• [Work instructions] Write out exactly the lines from the first line of the records below through the line that contains "J CREW CORAL SWEATER BLAZER", and stop there.

• [Entries supplied]
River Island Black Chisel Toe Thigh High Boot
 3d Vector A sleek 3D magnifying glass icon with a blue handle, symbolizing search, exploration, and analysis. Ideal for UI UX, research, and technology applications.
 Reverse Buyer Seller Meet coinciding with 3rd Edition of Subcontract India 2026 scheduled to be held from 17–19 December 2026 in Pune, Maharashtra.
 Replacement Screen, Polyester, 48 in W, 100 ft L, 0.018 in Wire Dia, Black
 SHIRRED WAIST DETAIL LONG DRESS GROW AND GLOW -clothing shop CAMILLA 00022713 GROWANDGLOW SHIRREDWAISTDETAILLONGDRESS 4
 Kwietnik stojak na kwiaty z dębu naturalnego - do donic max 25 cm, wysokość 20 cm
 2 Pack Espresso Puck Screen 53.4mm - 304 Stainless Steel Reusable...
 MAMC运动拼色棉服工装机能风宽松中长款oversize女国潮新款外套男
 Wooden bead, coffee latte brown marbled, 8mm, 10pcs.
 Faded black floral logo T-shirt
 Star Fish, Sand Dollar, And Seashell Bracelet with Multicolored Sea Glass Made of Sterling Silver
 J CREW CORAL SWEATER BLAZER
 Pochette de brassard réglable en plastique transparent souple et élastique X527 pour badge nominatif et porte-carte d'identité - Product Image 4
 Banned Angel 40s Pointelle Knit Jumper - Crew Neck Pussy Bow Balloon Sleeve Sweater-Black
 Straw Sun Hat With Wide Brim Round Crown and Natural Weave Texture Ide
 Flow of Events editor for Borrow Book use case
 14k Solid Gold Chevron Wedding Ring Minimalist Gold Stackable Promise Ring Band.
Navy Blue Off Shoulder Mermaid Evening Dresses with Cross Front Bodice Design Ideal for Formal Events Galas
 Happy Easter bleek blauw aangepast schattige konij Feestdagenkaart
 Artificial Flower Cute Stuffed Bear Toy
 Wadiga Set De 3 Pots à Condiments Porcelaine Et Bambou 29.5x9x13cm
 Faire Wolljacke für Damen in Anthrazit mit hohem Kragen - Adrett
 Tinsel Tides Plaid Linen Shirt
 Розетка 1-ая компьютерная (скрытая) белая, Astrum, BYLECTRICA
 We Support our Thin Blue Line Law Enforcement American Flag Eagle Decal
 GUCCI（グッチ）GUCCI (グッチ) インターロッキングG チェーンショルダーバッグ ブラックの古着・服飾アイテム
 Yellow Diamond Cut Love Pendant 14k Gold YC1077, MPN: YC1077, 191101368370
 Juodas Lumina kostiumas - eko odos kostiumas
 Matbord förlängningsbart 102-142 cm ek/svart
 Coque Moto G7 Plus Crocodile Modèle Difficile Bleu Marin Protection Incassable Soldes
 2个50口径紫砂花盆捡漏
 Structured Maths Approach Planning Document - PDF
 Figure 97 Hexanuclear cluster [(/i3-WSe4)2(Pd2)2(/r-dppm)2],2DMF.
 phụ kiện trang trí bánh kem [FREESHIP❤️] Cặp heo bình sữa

• [Answer to this task]
River Island Black Chisel Toe Thigh High Boot
 3d Vector A sleek 3D magnifying glass icon with a blue handle, symbolizing search, exploration, and analysis. Ideal for UI UX, research, and technology applications.
 Reverse Buyer Seller Meet coinciding with 3rd Edition of Subcontract India 2026 scheduled to be held from 17–19 December 2026 in Pune, Maharashtra.
 Replacement Screen, Polyester, 48 in W, 100 ft L, 0.018 in Wire Dia, Black
 SHIRRED WAIST DETAIL LONG DRESS GROW AND GLOW -clothing shop CAMILLA 00022713 GROWANDGLOW SHIRREDWAISTDETAILLONGDRESS 4
 Kwietnik stojak na kwiaty z dębu naturalnego - do donic max 25 cm, wysokość 20 cm
 2 Pack Espresso Puck Screen 53.4mm - 304 Stainless Steel Reusable...
 MAMC运动拼色棉服工装机能风宽松中长款oversize女国潮新款外套男
 Wooden bead, coffee latte brown marbled, 8mm, 10pcs.
 Faded black floral logo T-shirt
 Star Fish, Sand Dollar, And Seashell Bracelet with Multicolored Sea Glass Made of Sterling Silver
 J CREW CORAL SWEATER BLAZER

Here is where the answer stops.